Machi has gone into a molt this week; she has been very sweet (wanting me to help preen out down feathers) or nippy, as suits her from moment to moment. I've also noticed that she's started to make very pretty, throaty warbling sounds along with her attention calls. Because I've been at work more and we've been handling her less this week due to sniffles on our part, I feel that she's just trying to elaborate on her vocal repertoire. However, I don't want to discount her hormonal issues at hand; has anyone else experienced a semi-sudden change in vocalization of their female just for the sake of a molt? Is she begging for attention/ calling for a mate? I'm afraid that she's making these as mating calls. I appreciate any advice. Thanks, guys <3


----------



## .mpeg (Oct 6, 2010)

if you suspect it's hormonal, try the long night treatment. 
i'm sorry i have no advice other than that. mister has been experimenting with his voice for a few weeks and coming out with mimicing, then finch noises (!), then whistling and now chirping too.. he's moulting too, first big one.


----------



## roxy culver (May 27, 2010)

All of my girls have been pretty silent so I'm not sure if its a mating call or whether she's doing it to try and catch your attention but it has to be cute right??


----------



## Raven2322 (Mar 1, 2008)

My Jasmine will sometimes make warbly throaty sounds. I find them cute and they don't seem to be a breeding thing. I wish she made them more. We call them her chicken cluckles. lol


----------



## Belinda (Oct 9, 2010)

Yeah I think Machi and Arnie are around the same age? Arnie has been chattering to herself and trying out new sounds around mid-morning - she's also begun moulting too and is very touchy (allows me to scritch her but won't let anyone else touch her, or snappy dragon!)


----------



## shelagh (Nov 2, 2010)

roxy culver said:


> All of my girls have been pretty silent so I'm not sure if its a mating call or whether she's doing it to try and catch your attention but it has to be cute right??

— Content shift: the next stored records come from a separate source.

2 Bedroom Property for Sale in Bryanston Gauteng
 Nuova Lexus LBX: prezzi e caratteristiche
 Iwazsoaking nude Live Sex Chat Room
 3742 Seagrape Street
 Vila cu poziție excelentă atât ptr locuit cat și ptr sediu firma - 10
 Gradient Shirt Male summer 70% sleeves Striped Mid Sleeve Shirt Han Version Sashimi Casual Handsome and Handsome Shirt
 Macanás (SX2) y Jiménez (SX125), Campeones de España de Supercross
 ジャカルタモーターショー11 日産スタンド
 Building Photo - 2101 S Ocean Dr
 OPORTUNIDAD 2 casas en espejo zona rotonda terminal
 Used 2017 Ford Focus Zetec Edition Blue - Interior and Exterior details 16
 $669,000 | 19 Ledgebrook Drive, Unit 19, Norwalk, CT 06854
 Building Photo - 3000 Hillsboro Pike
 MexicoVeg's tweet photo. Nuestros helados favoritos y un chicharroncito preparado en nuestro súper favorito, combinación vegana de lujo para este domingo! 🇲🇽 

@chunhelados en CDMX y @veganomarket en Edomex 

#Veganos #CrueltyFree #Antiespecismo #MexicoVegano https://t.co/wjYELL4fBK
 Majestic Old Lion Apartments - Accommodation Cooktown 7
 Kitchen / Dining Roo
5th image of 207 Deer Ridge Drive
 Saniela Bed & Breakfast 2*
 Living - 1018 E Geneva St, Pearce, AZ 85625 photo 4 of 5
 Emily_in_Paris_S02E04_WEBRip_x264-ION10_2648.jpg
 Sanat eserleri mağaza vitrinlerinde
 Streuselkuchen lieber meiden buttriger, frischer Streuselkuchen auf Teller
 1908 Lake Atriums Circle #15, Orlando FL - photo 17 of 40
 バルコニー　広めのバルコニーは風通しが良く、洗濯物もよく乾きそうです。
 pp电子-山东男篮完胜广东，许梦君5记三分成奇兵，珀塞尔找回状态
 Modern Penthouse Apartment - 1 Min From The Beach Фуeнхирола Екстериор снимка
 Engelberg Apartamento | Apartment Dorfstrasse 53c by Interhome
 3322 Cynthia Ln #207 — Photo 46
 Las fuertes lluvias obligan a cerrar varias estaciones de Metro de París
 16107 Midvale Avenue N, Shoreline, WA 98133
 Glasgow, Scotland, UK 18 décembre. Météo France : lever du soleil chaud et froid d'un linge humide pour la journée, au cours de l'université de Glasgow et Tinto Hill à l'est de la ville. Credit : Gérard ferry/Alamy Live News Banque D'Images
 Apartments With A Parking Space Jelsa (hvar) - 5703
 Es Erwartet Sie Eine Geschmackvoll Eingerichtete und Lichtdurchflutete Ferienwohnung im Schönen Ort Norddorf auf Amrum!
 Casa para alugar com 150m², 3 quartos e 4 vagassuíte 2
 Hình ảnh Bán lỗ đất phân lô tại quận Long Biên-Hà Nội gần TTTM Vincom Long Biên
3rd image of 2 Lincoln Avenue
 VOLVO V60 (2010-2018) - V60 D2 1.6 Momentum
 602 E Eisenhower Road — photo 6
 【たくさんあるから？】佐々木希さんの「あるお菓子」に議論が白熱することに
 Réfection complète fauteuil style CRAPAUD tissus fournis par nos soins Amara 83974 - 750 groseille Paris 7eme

It is super-cute, indeed! That's what worried me at first. However, I haven't noticed any displaying or other hormonal behaviors, so I'm gonna just chalk this up to her being experimental with her voice. She chirps that way more and more; I'm starting to think she just likes the way she sounds too! Thank you, everyone for your advice. @ Belinda: it's a relief to hear that Arnie is being more vocal and moody too; it sounds like we're in the same boat


----------



## MeanneyFids (Aug 24, 2010)

dally does it. made me think she was male for a long time. she sounds like a tonedeaf american robin lol its fine, more of an attention thing i think as dally mostly does it when i leave the room. it comes out after a bunch of flock calls.... and if i call back she usually starts it. its cute, i dont think its a molting thing.... but theres nothing wrong with it. just a vocal female


----------



## Belinda (Oct 9, 2010)

Yeah, it's a really weird sound. It's very random, pretty out of tune, but it's a happy sound.


----------